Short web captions
= = =

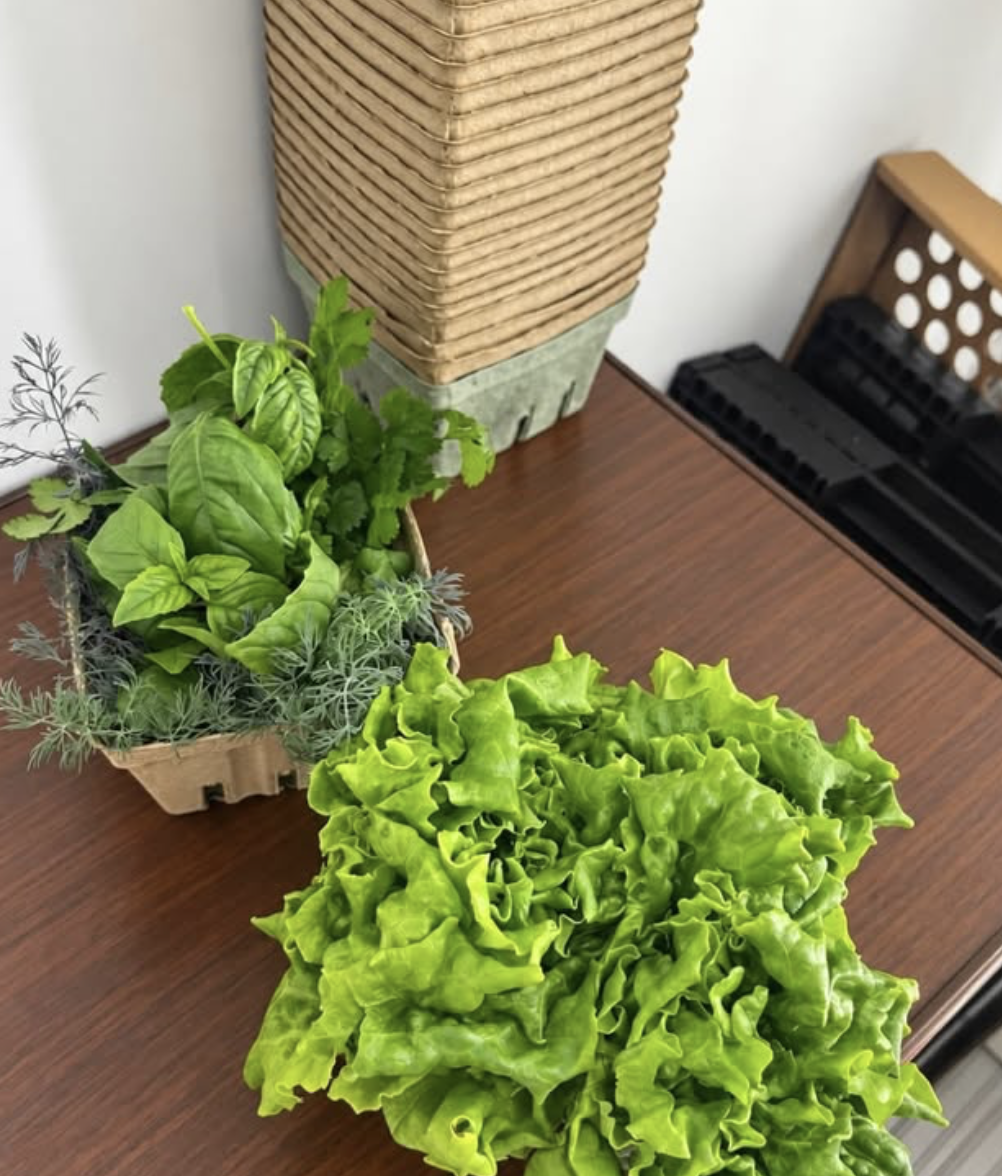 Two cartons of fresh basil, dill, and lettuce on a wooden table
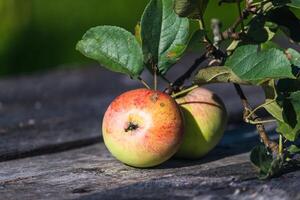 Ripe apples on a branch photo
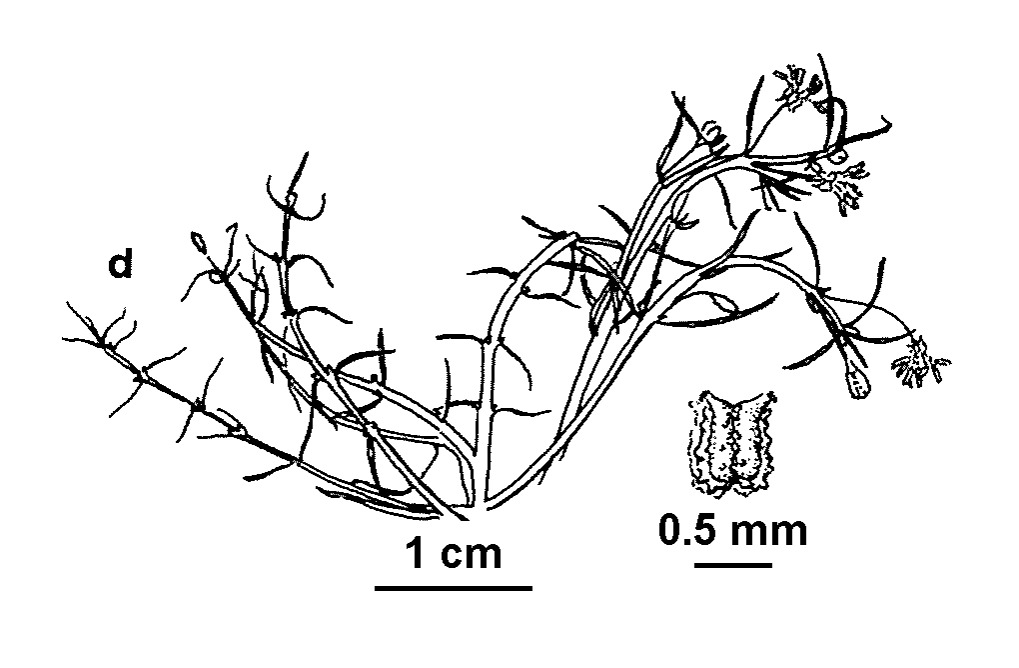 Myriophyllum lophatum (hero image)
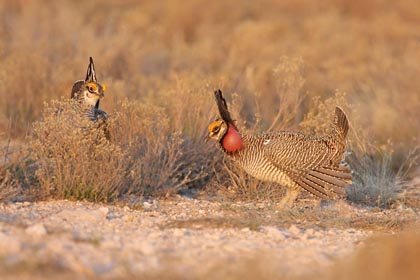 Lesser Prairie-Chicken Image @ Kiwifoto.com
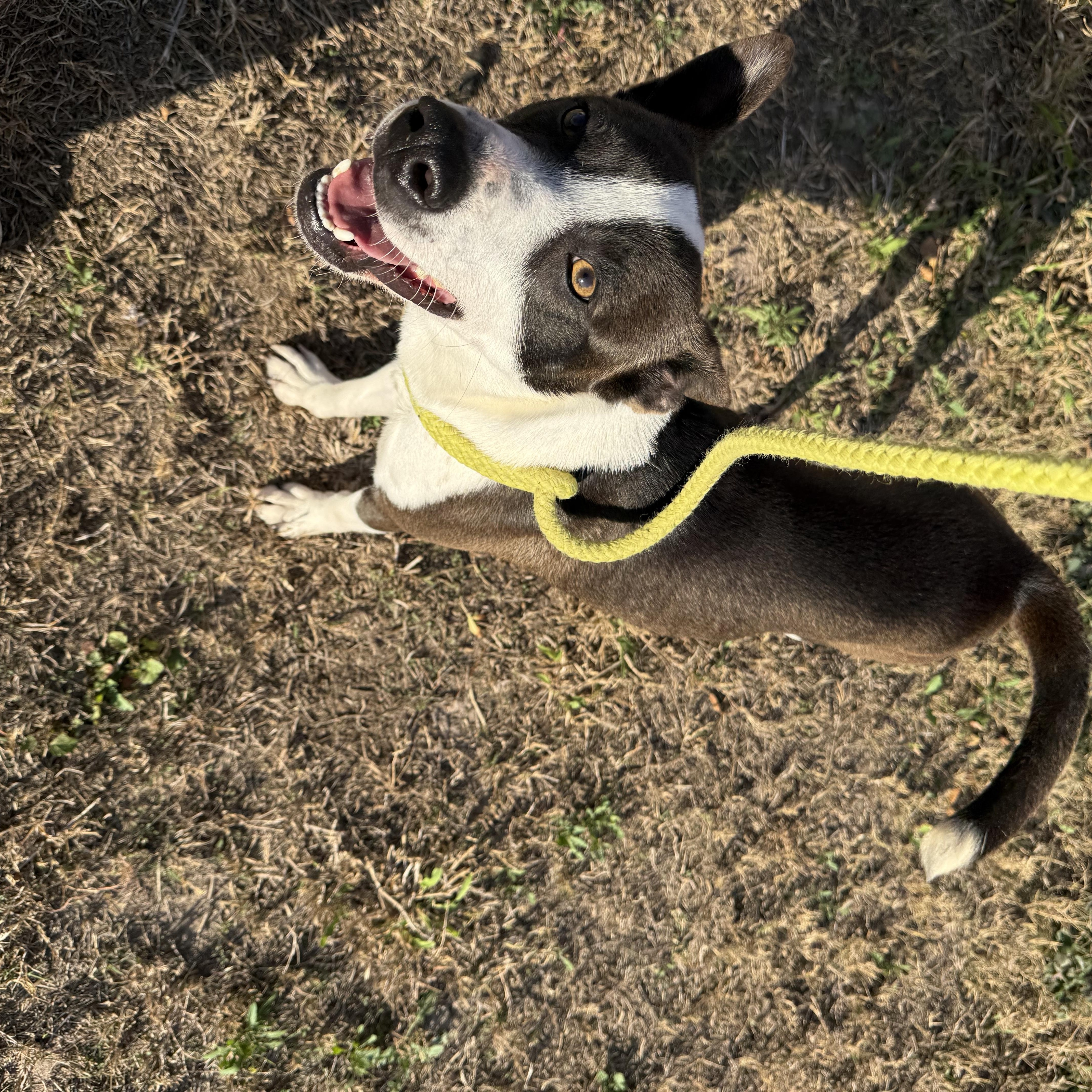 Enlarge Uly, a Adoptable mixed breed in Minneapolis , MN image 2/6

= = =

◆ **WHAT YOU WILL DO**
Retype the records verbatim, but not their images.

◆ **RESULT FOR THIS TASK**
 Two cartons of fresh basil, dill, and lettuce on a wooden table
 Ripe apples on a branch photo
 Myriophyllum lophatum (hero image)
 Lesser Prairie-Chicken Image @ Kiwifoto.com
 Enlarge Uly, a Adoptable mixed breed in Minneapolis , MN image 2/6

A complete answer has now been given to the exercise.